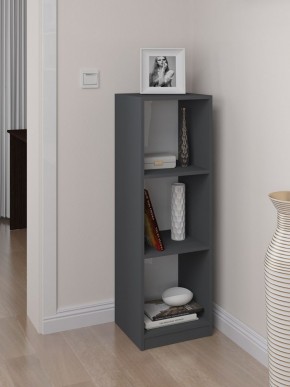 Пенал открытый мини Дублин (Графит) в Покачах - pokachi.ok-mebel.com | фото 2
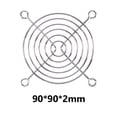 thumbnail image 4 of 5pcs PC Case Fan Grills Computer Cooling Fan Finger Guard Protector (90mm), 4 of 9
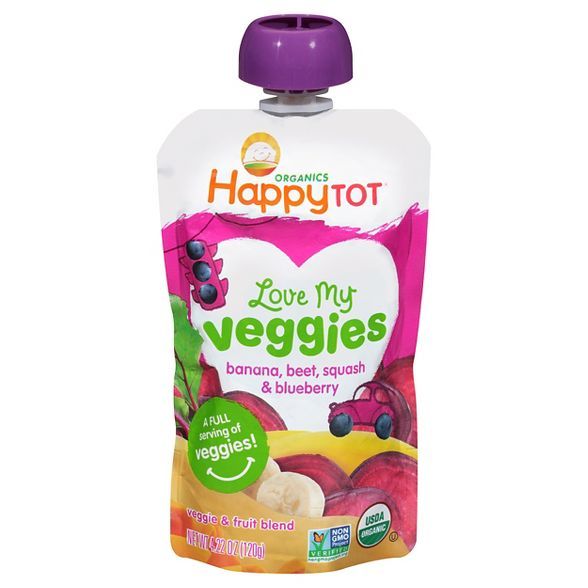 HappyTot Love My Veggies Organic Bananas Beets Squash & Blueberries Baby Food Pouch - (Select Cou... | Target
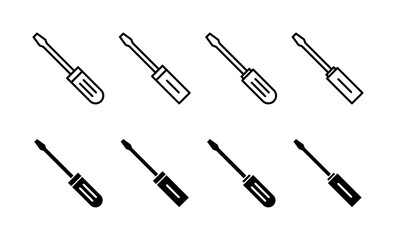 Screwdriver icon vector for web and mobile app. tools sign and symbol
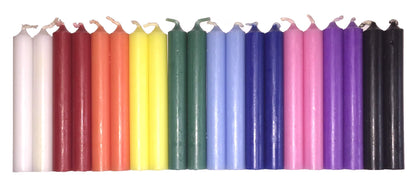 Biedermann & Sons Multicolor Chime Candles (Set of 20), Unscented Dripless Tapers, 4 Inch Tall 0.5 Inch Diameter, 2 Hour Burn, Colorful Sticks for Angel Chime Carousels and Chime Holders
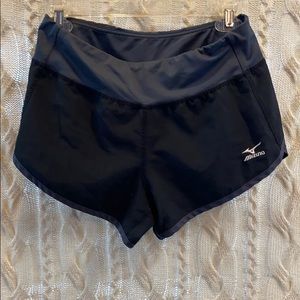 Black Mizuno shorts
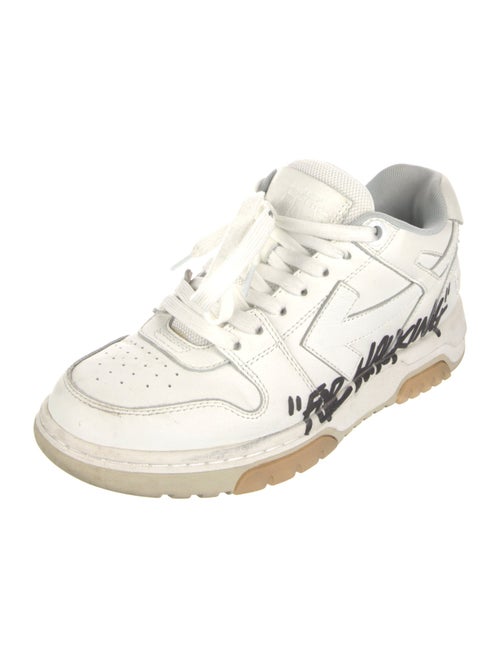 Off-White Leather Sneakers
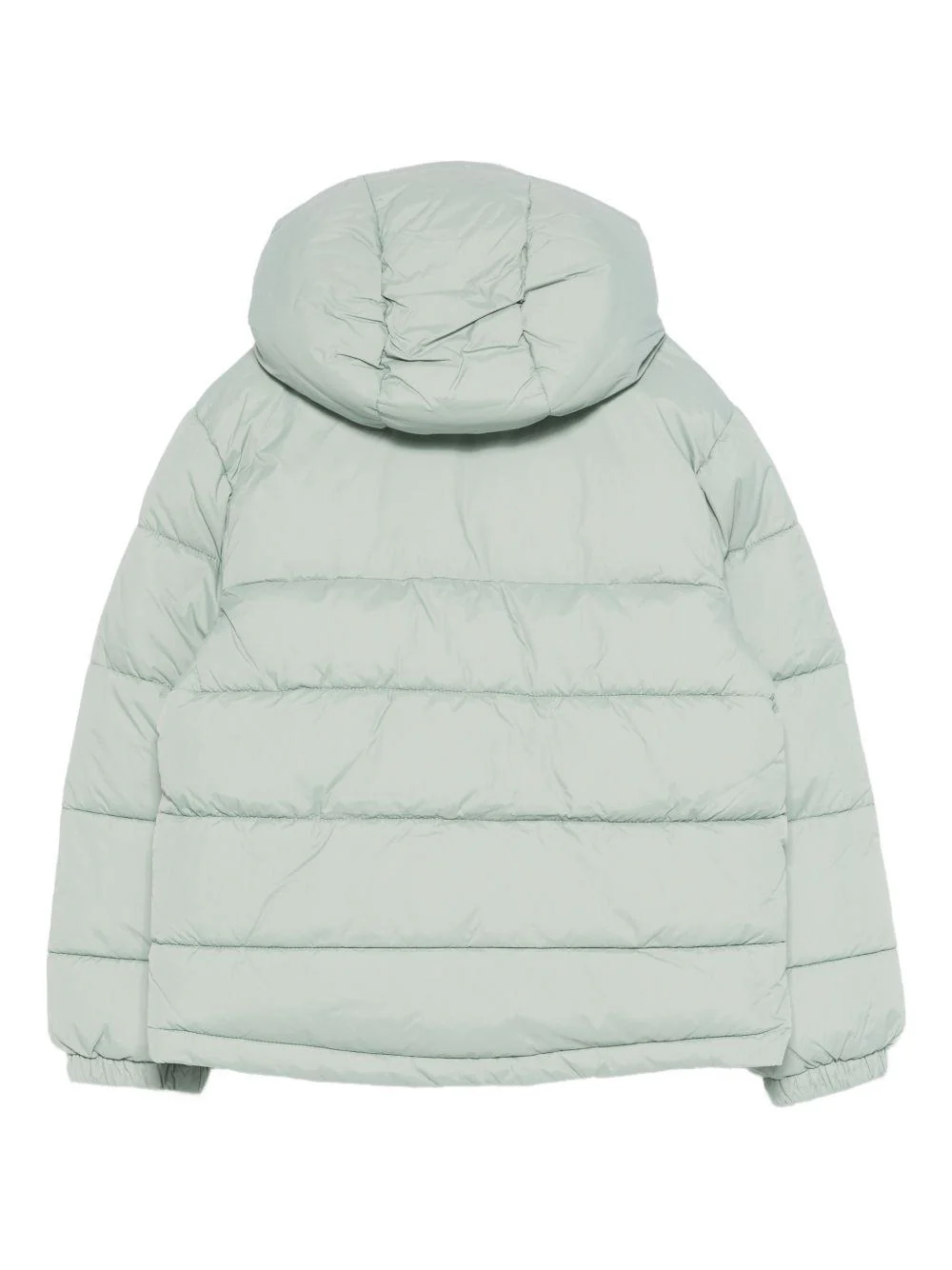 Impermeabile per bambino Hugo Kids verde con cappuccio e logo - Image 2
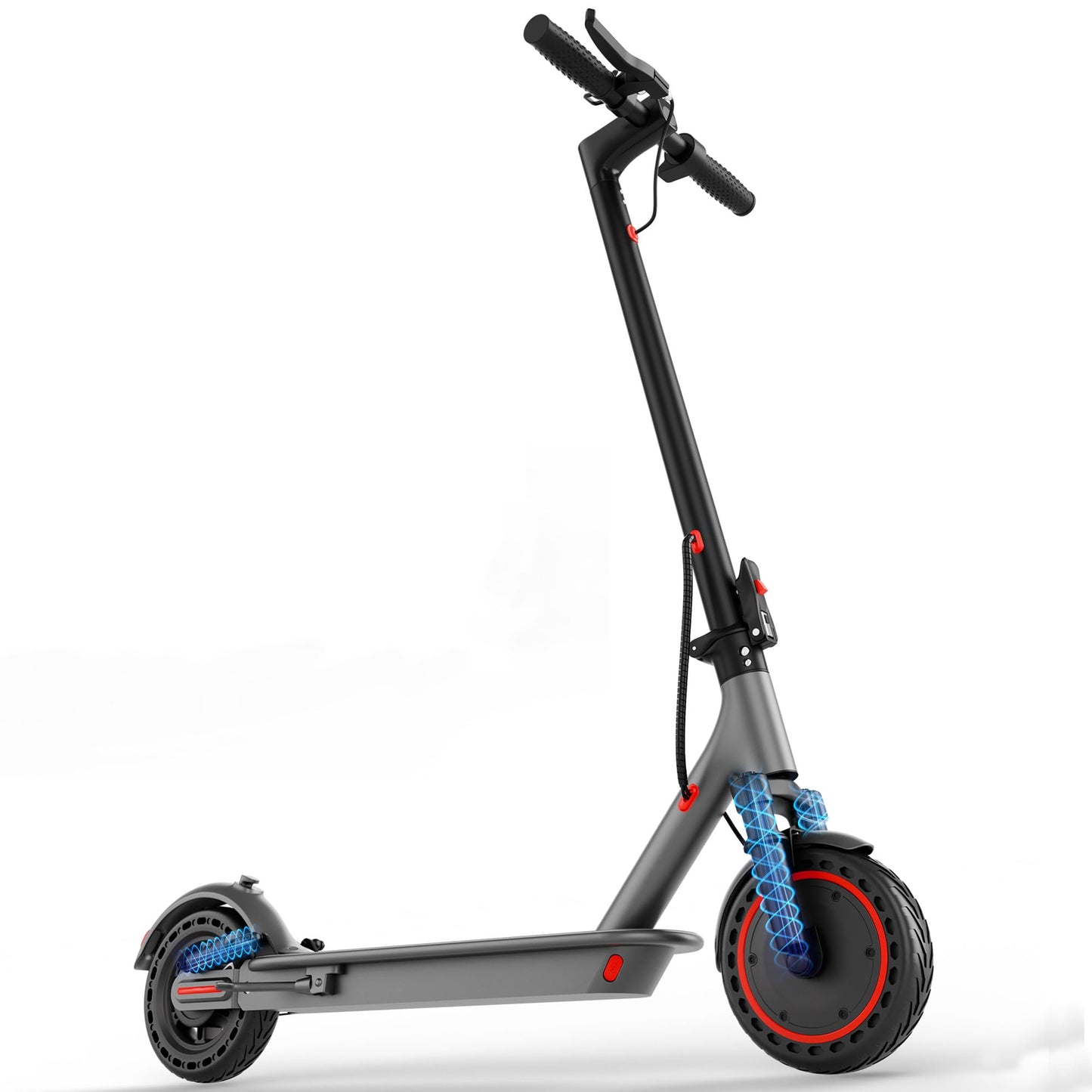 Folding Electric Scooter with Dual Suspension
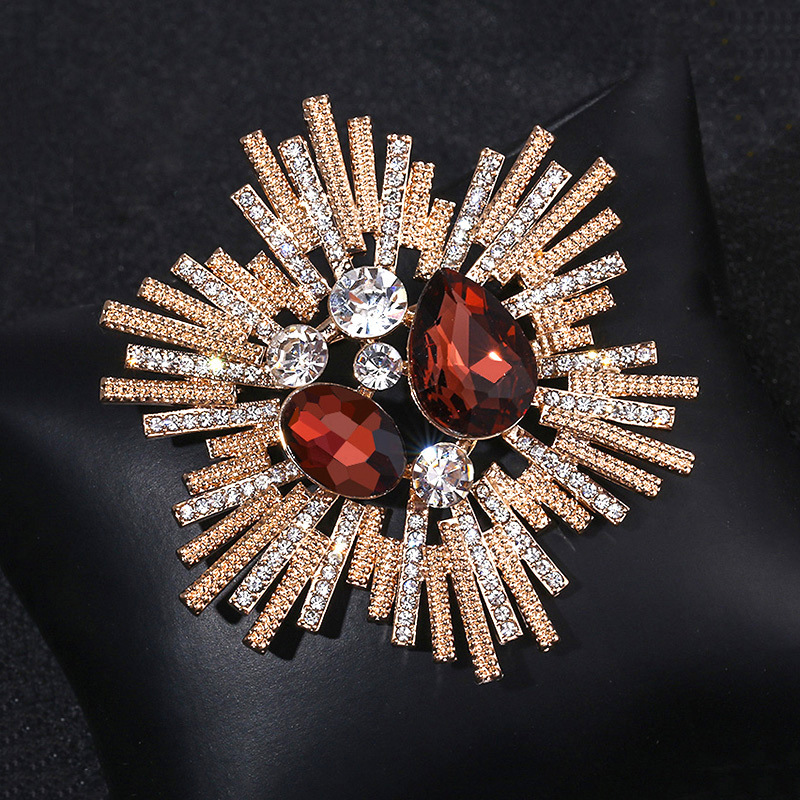 High end luxury crystal brooch - Women'S Accessories Manufacturers ulasan dan harga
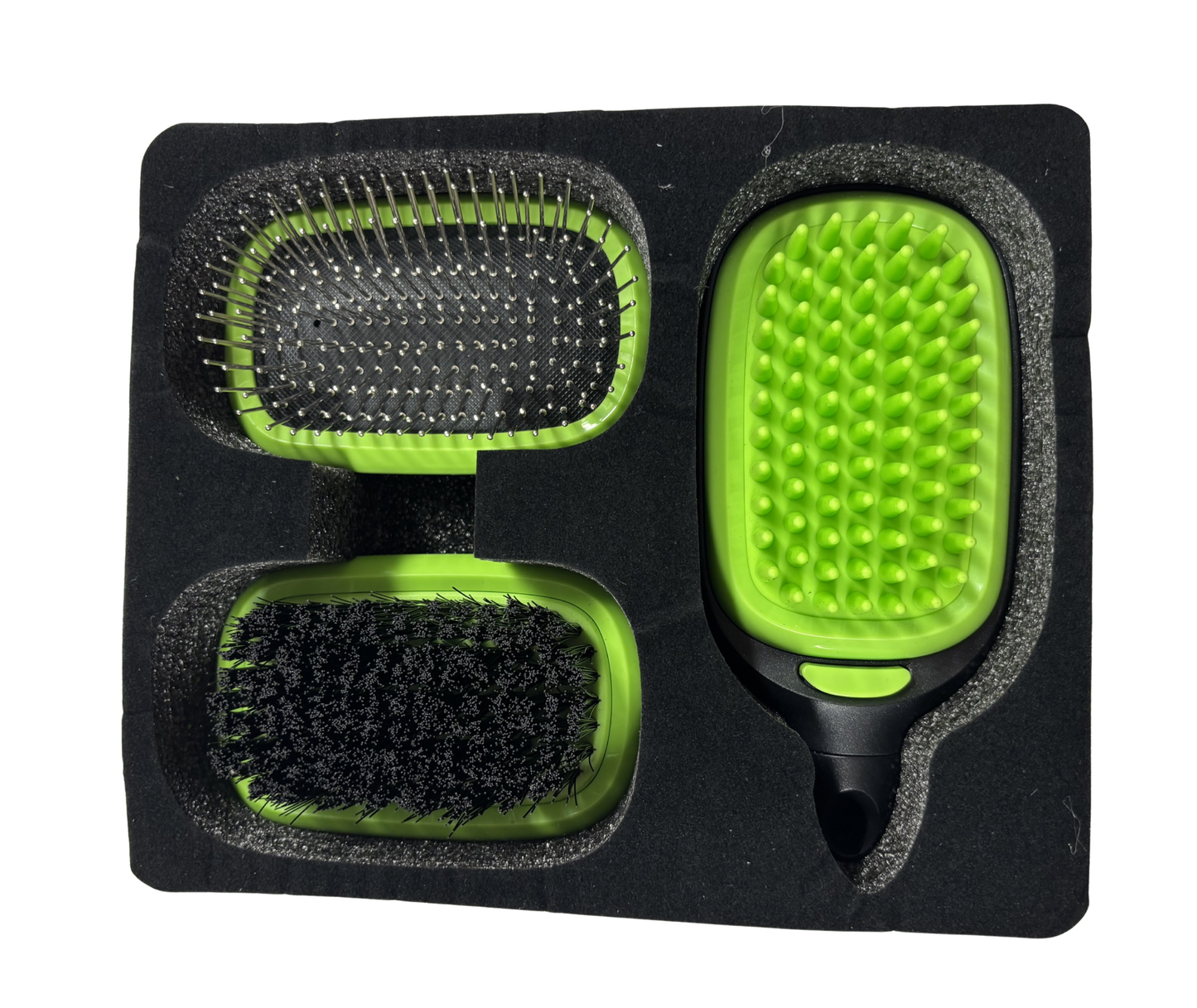 3-in-1 dierenborstel set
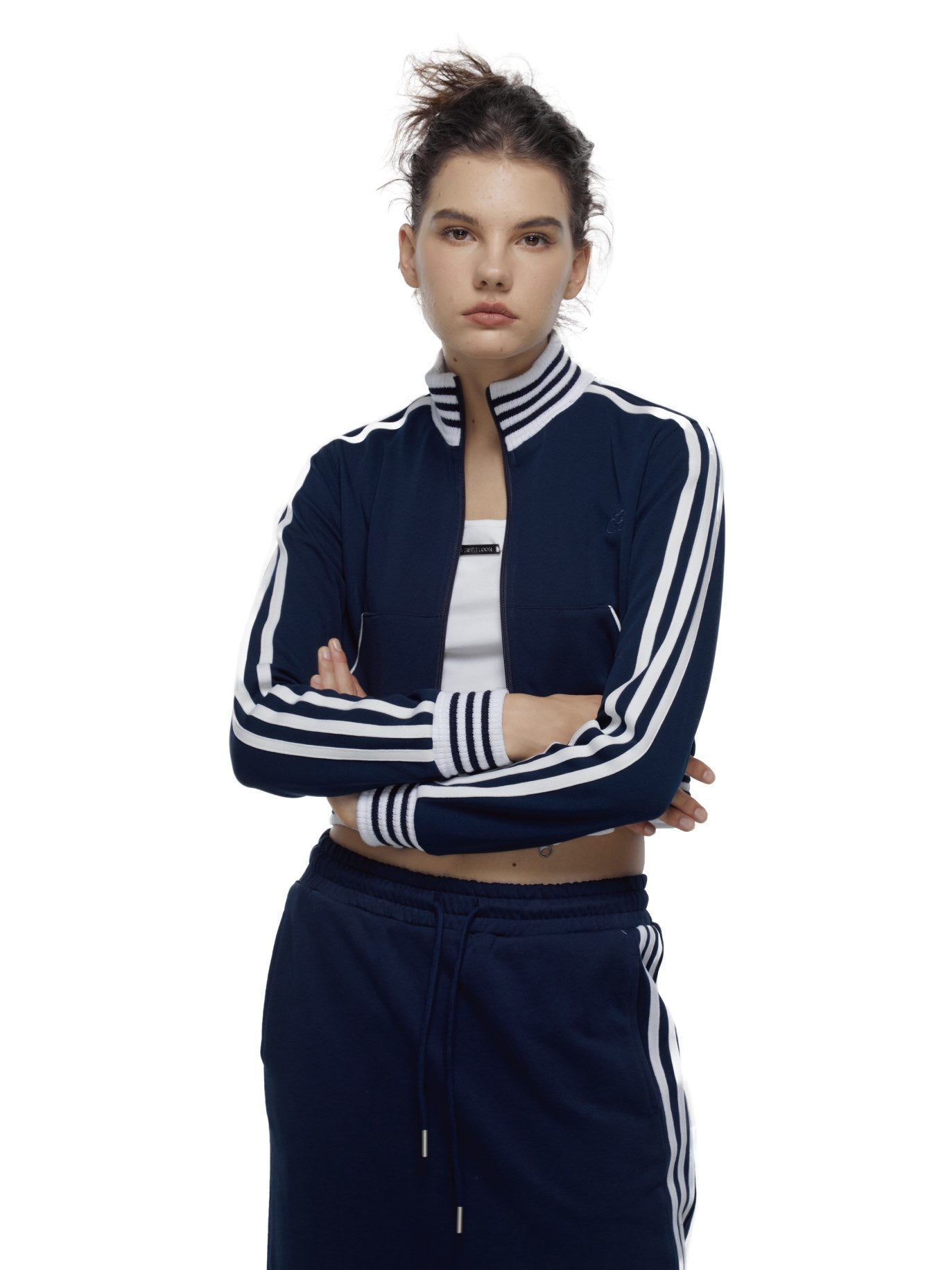 Crop Sporty Jacket & Skirt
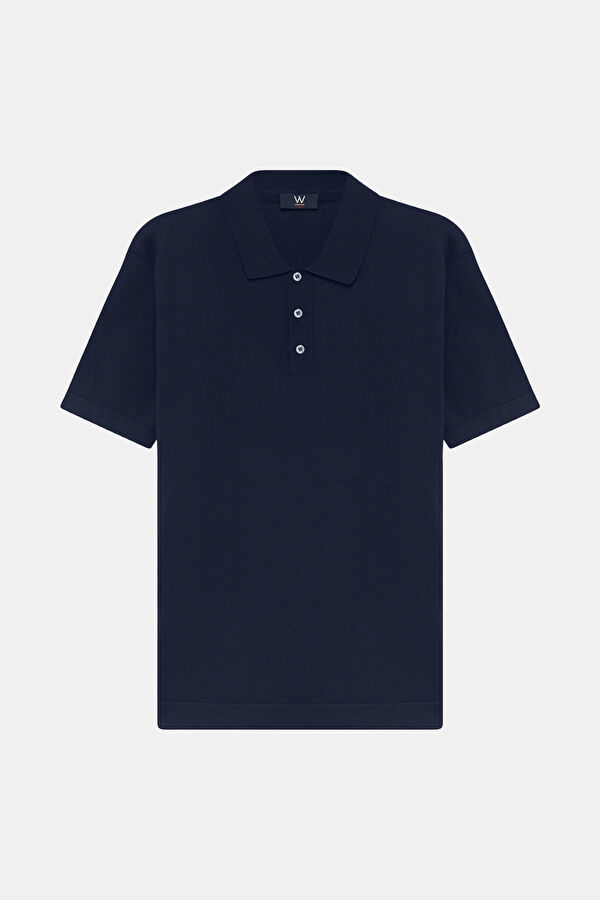 STANDART KALIP LACİVERT POLO YAKA T-SHİRT 4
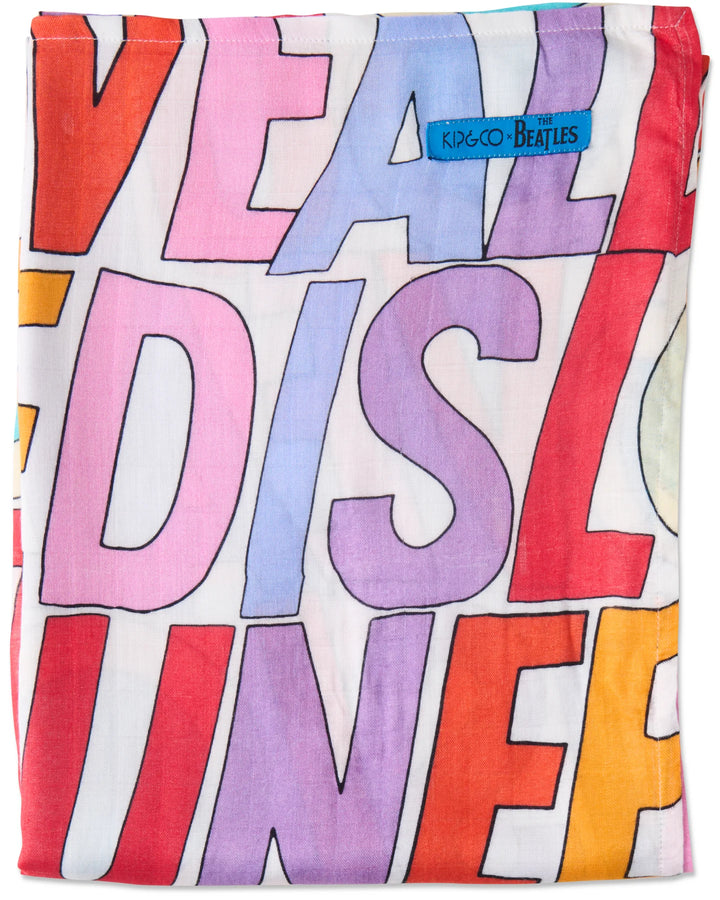 Kip & Co x The Beatles All You Need Is Love Bamboo Swaddle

- - -

§ What the exercise asks
An exact, image-free transcription of all the records above is needed.

§ Exercise result
 Пенал открытый мини Дублин (Графит) в Покачах - pokachi.ok-mebel.com | фото 2
 thumbnail image 4 of 5pcs PC Case Fan Grills Computer Cooling Fan Finger Guard Protector (90mm), 4 of 9
 HappyTot Love My Veggies Organic Bananas Beets Squash & Blueberries Baby Food Pouch - (Select Cou... | Target
 Screwdriver icon vector for web and mobile app. tools sign and symbol
 Biedermann & Sons Multicolor Chime Candles (Set of 20), Unscented Dripless Tapers, 4 Inch Tall 0.5 Inch Diameter, 2 Hour Burn, Colorful Sticks for Angel Chime Carousels and Chime Holders
 Black Mizuno shorts
 Off-White Leather Sneakers
 Impermeabile per bambino Hugo Kids verde con cappuccio e logo - Image 2
 Folding Electric Scooter with Dual Suspension
 High end luxury crystal brooch - Women'S Accessories Manufacturers ulasan dan harga
 3-in-1 dierenborstel set
 Crop Sporty Jacket & Skirt
 STANDART KALIP LACİVERT POLO YAKA T-SHİRT 4
 Kip & Co x The Beatles All You Need Is Love Bamboo Swaddle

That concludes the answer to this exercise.